Learning General Purpose Distributed Sentence Representations via Large Scale Multi-task Learning

Related tags

Text Data & NLPgensen
Overview

GenSen

Learning General Purpose Distributed Sentence Representations via Large Scale Multi-task Learning

Sandeep Subramanian, Adam Trischler, Yoshua Bengio & Christopher Pal

ICLR 2018

About

GenSen is a technique to learn general purpose, fixed-length representations of sentences via multi-task training. These representations are useful for transfer and low-resource learning. For details please refer to our ICLR paper.

Code

We provide a PyTorch implementation of our paper along with pre-trained models as well as code to evaluate these models on a variety of transfer learning benchmarks.

Requirements

  • Python 2.7 (Python 3 compatibility coming soon)
  • PyTorch 0.2 or 0.3
  • nltk
  • h5py
  • numpy
  • scikit-learn

Usage

Setting up Models & pre-trained word vecotrs

You download our pre-trained models and set up pre-trained word vectors for vocabulary expansion by

cd data/models
bash download_models.sh
cd ../embedding
bash glove2h5.sh
Using a pre-trained model to extract sentence representations.
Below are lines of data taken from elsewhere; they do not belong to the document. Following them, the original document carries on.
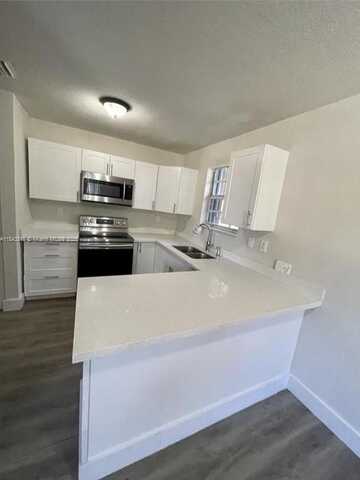170 NE 142nd St, Miami, FL 33161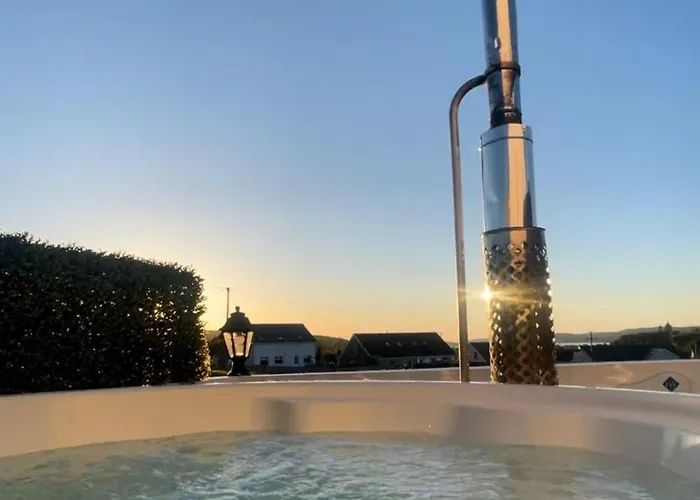 Inishway Self Catering 3 *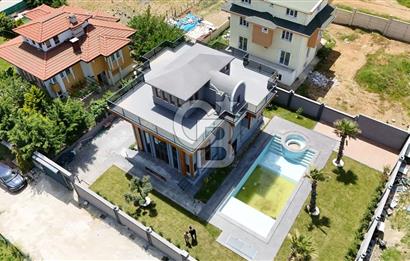 SİLİVRİ ORTAKÖY'DE 850 M2 ARSA İÇİNDE HAVUZLU 5+2 SATILIK VİLLA​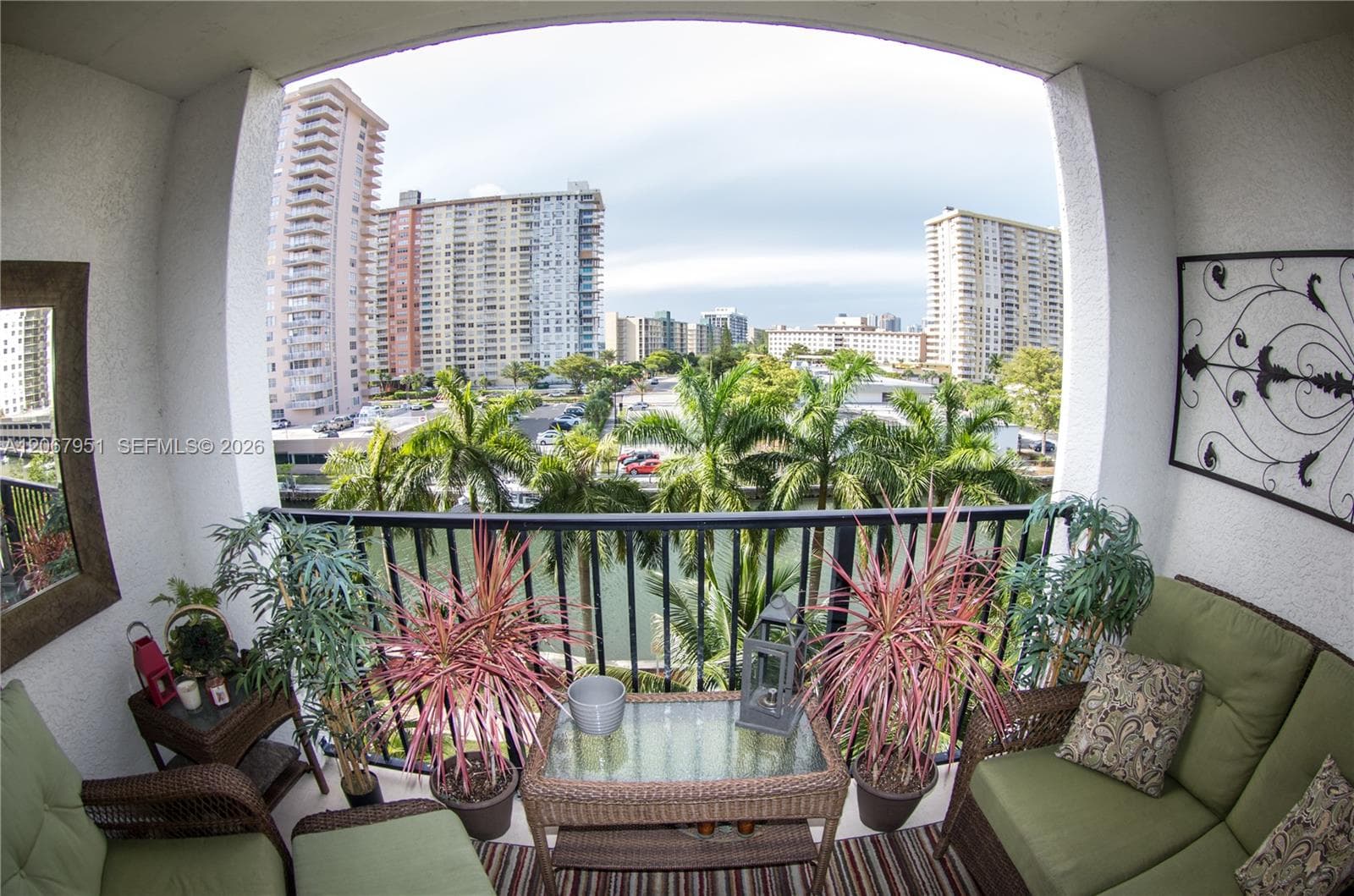 17150 N Bay Rd # 2512, Sunny Isles Beach, FL 33160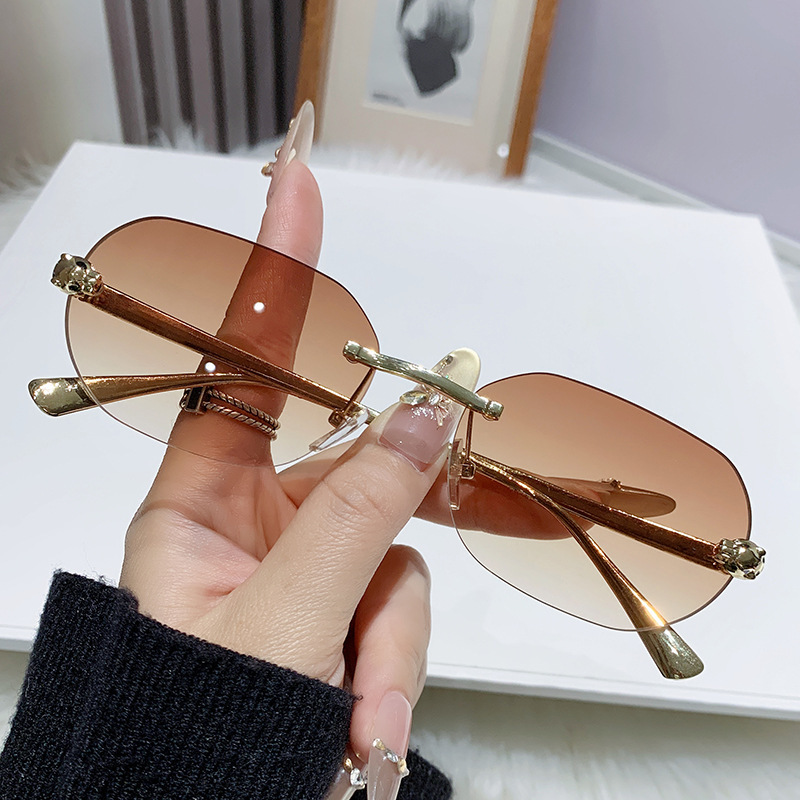 Vintage Fashion Tiktok - แว่นกันแดดทรงเหลี่ยมไร้กรอบ ZXIAC รุ่น Trend Retro สำหรับผู้ชายและผู้หญิง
You can use our pre-trained models to extract the last hidden state or all hidden states of our multi-task GRU. Additionally, you can concatenate the output of multiple models to replicate the numbers in our paper.

from gensen import GenSen, GenSenSingle

gensen_1 = GenSenSingle(
    model_folder='./data/models',
    filename_prefix='nli_large_bothskip',
    pretrained_emb='./data/embedding/glove.840B.300d.h5'
)
reps_h, reps_h_t = gensen_1.get_representation(
    sentences, pool='last', return_numpy=True, tokenize=True
)
print reps_h.shape, reps_h_t.shape
  • The input to get_representation is sentences, which should be a list of strings. If your strings are not pre-tokenized, then set tokenize=True to use the NLTK tokenizer before computing representations.
  • reps_h (batch_size x seq_len x 2048) contains the hidden states for all words in all sentences (padded to the max length of sentences)
  • reps_h_t (batch_size x 2048) contains only the last hidden state for all sentences in the minibatch

GenSenSingle will return the output of a single model nli_large_bothskip (+STN +Fr +De +NLI +L +STP). You can concatenate the output of multiple models by creating a GenSen instance with multiple GenSenSingle instances, as follows:

gensen_2 = GenSenSingle(
    model_folder='./data/models',
    filename_prefix='nli_large_bothskip_parse',
    pretrained_emb='./data/embedding/glove.840B.300d.h5'
)
gensen = GenSen(gensen_1, gensen_2)
reps_h, reps_h_t = gensen.get_representation(
    sentences, pool='last', return_numpy=True, tokenize=True
)
  1. reps_h (batch_size x seq_len x 4096) contains the hidden states for all words in all sentences (padded to the max length of sentences)
  2. reps_h_t (batch_size x 4096) contains only the last hidden state for all sentences in the minibatch

The model will produce a fixed-length vector for each sentence as well as the hidden states corresponding to each word in every sentence (padded to max sentence length). You can also return a numpy array instead of a torch.FloatTensor by setting return_numpy=True.

Vocabulary Expansion

If you have a specific domain for which you want to compute representations, you can call vocab_expansion on instances of the GenSenSingle or GenSen class simply by gensen.vocab_expansion(vocab) where vocab is a list of unique words in the new domain. This will learn a linear mapping from the provided pretrained embeddings (which have a significantly larger vocabulary) provided to the space of gensen's word vectors. For an example of how this is used in an actual setting, please refer to gensen_senteval.py.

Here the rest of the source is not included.